• **Activity**: Copy, exactly and without additions, every line in the records below from the one holding "dcw-ditions-respiro-wall-l-applique-aluminium-anodis image 1" through the one holding "171 Hotchkiss Manor", both ends included.

:: Records supplied ::

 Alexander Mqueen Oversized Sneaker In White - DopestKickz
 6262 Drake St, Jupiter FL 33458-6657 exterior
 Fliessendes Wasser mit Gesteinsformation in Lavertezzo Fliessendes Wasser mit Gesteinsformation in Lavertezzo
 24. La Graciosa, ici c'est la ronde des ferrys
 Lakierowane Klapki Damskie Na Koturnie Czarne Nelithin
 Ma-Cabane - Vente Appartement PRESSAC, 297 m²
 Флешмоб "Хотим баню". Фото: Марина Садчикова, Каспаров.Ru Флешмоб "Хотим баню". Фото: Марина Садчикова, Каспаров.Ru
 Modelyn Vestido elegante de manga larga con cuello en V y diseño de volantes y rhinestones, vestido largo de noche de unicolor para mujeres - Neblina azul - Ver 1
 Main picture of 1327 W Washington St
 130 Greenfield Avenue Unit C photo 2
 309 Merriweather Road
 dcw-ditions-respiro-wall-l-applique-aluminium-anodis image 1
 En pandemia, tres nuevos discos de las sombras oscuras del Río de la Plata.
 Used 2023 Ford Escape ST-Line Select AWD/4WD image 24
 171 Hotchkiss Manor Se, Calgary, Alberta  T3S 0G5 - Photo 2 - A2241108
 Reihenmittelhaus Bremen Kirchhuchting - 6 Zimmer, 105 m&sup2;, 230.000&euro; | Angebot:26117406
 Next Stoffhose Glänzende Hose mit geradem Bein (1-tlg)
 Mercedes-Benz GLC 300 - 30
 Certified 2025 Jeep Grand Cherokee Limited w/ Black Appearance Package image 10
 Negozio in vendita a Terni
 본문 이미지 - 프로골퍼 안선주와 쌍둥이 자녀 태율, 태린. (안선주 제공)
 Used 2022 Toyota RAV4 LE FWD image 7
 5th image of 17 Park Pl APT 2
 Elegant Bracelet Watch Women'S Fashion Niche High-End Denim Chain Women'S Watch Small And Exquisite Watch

:::

• **Final answer**:
 dcw-ditions-respiro-wall-l-applique-aluminium-anodis image 1
 En pandemia, tres nuevos discos de las sombras oscuras del Río de la Plata.
 Used 2023 Ford Escape ST-Line Select AWD/4WD image 24
 171 Hotchkiss Manor Se, Calgary, Alberta  T3S 0G5 - Photo 2 - A2241108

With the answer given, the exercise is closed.